- Lobby card
- Directed by: Randall Faye
- Written by: Diana Bourbon V.C. Clinton-Baddeley
- Produced by: Randall Faye
- Starring: Elliott Mason Kathleen Gibson Terence De Marney Eliot Makeham
- Cinematography: Geoffrey Faithfull
- Production company: Randall Faye Productions
- Distributed by: RKO Pictures
- Release date: June 1936;
- Running time: 64 minutes
- Country: United Kingdom
- Language: English

= Born That Way (film) =

1936 British film by Randall Faye

Born That Way is a 1936 British comedy film directed by Randall Faye and starring Elliott Mason, Kathleen Gibson and Terence De Marney. It was written by Diana Bourbon and V.C. Clinton-Baddeley, and made as a quota quickie at the Nettlefold Studios for distribution by RKO Pictures.

== Plot ==
Pamela and Richard Gearing, the children of preoccupied Egyptologist Professor Gearing, are notorious fixtures in the headlines for their reckless antics as members of Mayfair’s "bright Young Things." Reaching his breaking point, their father enlists his sister-in-law, Emily McNeil, a formidable and sharp-witted Scottish woman, to rein them in. Emily employs unconventional tactics to discipline the duo, eventually transforming them into respectable members of society.

== Cast ==
- Elliott Mason as Aunt Emily
- Kathleen Gibson as Pamela Gearing
- Terence De Marney as Richard Gearing
- Eliot Makeham as Prof. Gearing
- Ian Colin as Hugh
- Conway Palmer as Kenneth Danvers
- John Laurie as McTavish

== Reception ==
The Monthly Film Bulletin wrote: "A really funny film ... John Laurie excels and Kathleen Gibson and Terence de Marney make Pamela and Richard maddening and charming at the same time. It is directed with a real sense of humour and the speed is never allowed to slacken. The film's truthful observation of human nature, young and old, will delight the average audience."

The Daily Film Renter wrote: "Amusing comedy ... It is easily Elliott Mason's film, for this actress, who possesses an attractive Scottish accent, and a quietly effective manner, is in excellent form, bringing great conviction to her role. Kathleen Gibson and Terence de Marney are the recalcitrant youngsters to the life, while Eliot Makeham makes a suitably absent-minded Egyptologist."

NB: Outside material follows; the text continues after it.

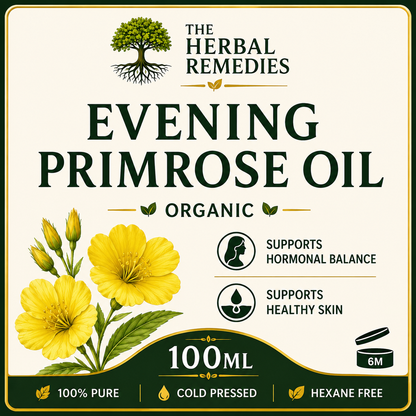 Evening Primrose Oil — Cold-Pressed | Clinical Series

Picture Show wrote: "Unpretentious but entertaining story of a hardheaded but warm-hearted Scottish aunt who takes over the supervision of her wayward nephew and niece from her absent-minded brother-in-law, and having accomplished her task, goes back to her own business. Elliott Mason gives a good performance as the canny, dour aunt, and the rest of the cast is competent, with Kathleen Gibson a delightfully wilful niece, Terence de Mamey her somewhat more sullenly inclined brother, and Eliot Makeham as their father. The comedy is adequately directed and set."